SOURCE MATERIAL:
===

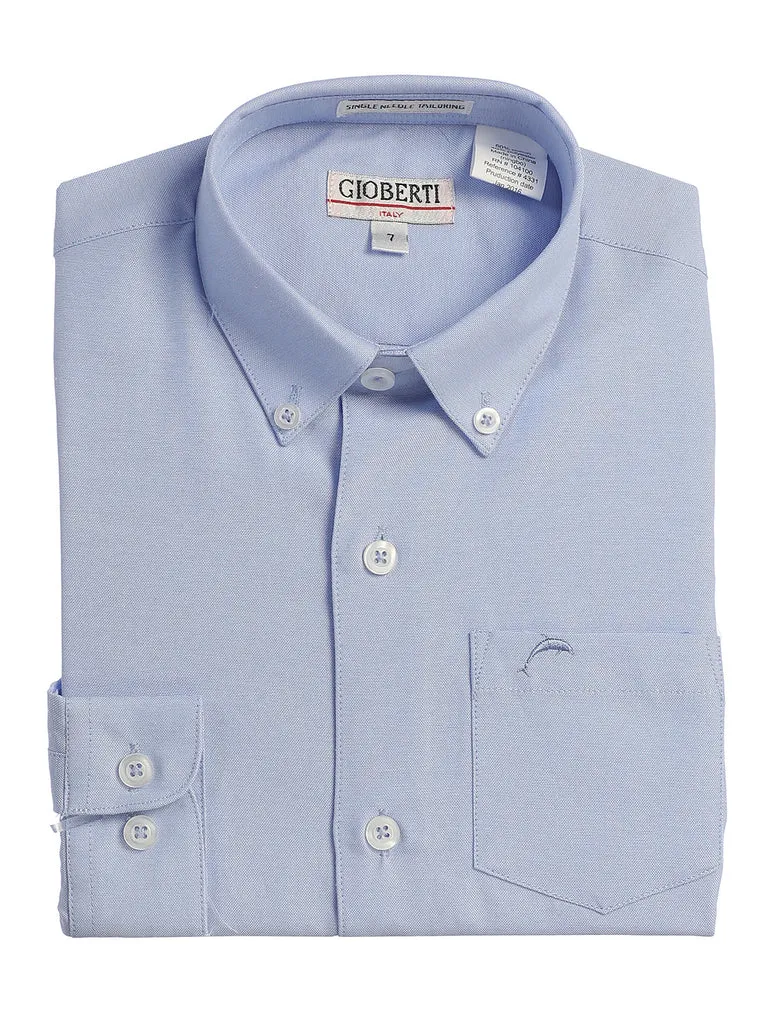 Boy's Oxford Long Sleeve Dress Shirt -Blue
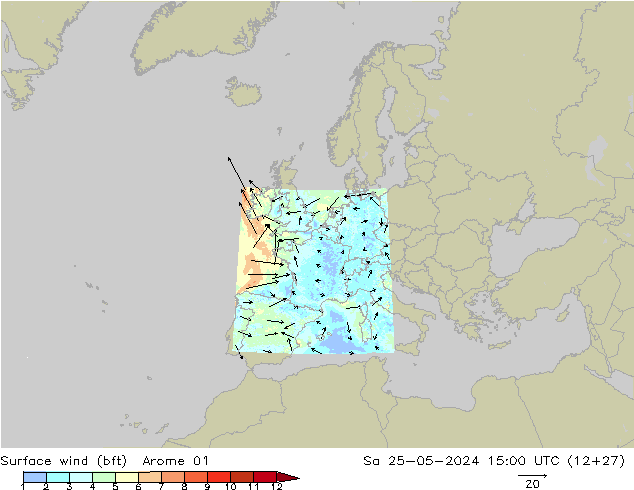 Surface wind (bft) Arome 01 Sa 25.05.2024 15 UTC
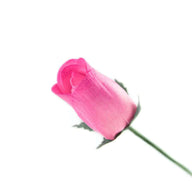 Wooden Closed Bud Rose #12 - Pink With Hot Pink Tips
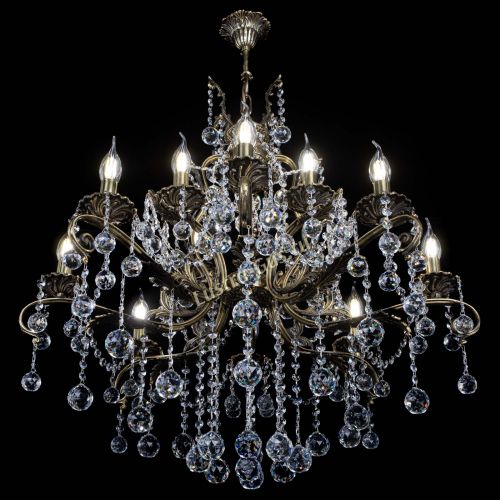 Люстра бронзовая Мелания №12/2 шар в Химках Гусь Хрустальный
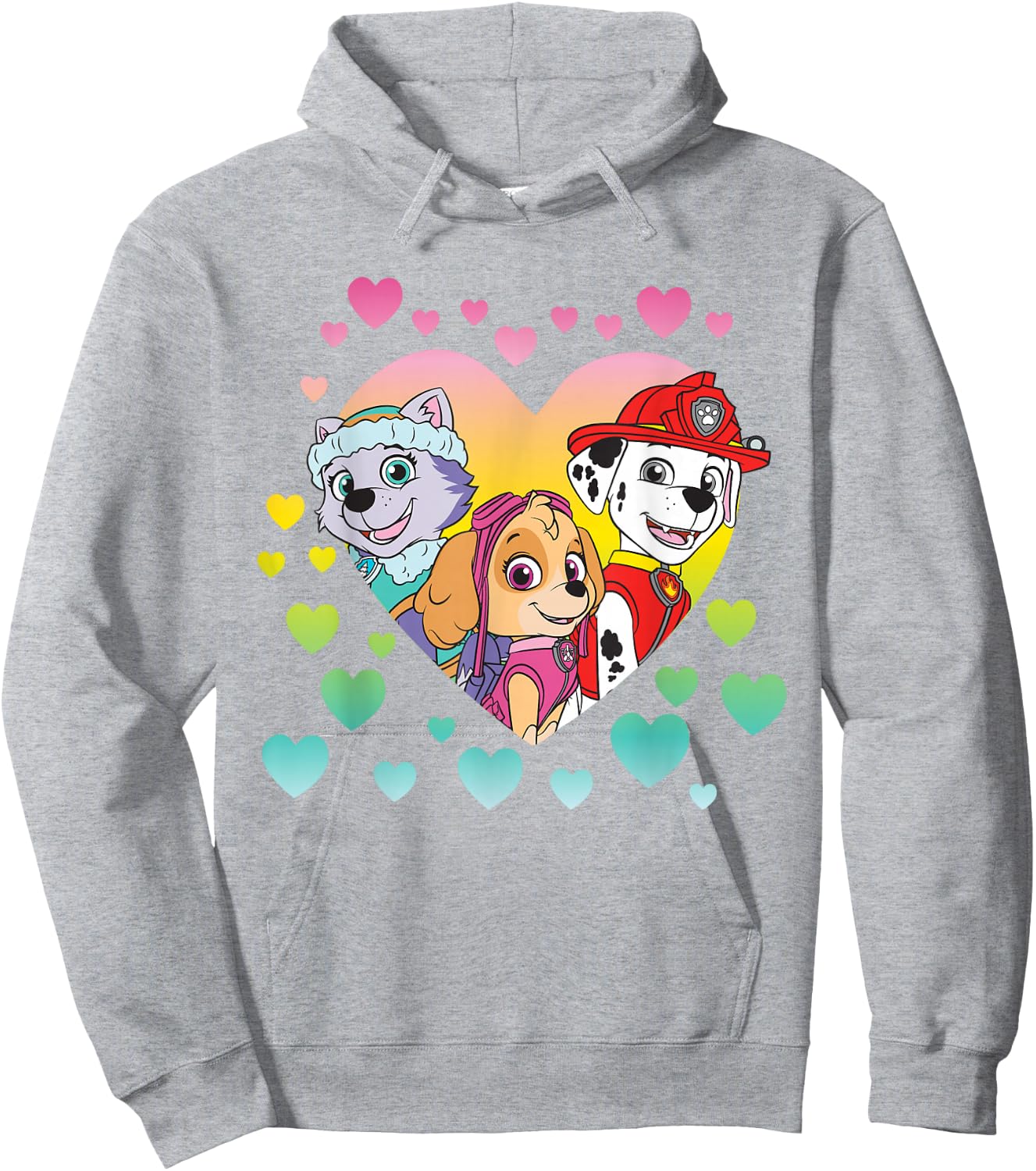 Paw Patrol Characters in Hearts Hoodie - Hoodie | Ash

===

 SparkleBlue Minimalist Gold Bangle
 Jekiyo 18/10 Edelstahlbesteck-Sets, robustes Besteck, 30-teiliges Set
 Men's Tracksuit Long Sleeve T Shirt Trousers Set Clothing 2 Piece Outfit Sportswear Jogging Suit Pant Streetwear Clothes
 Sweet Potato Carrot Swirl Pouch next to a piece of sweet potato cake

===

TASK DETAILS:
In the listing above, find the line containing "Boy's Oxford Long Sleeve Dress Shirt -Blue" and the line containing "Paw Patrol Characters", then output those two lines and everything between them exactly as written, without the images.

OUTPUT OF THE EXERCISE:
 Boy's Oxford Long Sleeve Dress Shirt -Blue
 Surface wind (bft) Arome 01 Sa 25.05.2024 15 UTC
 Wooden Closed Bud Rose #12 - Pink With Hot Pink Tips
 Люстра бронзовая Мелания №12/2 шар в Химках Гусь Хрустальный
 Paw Patrol Characters in Hearts Hoodie - Hoodie | Ash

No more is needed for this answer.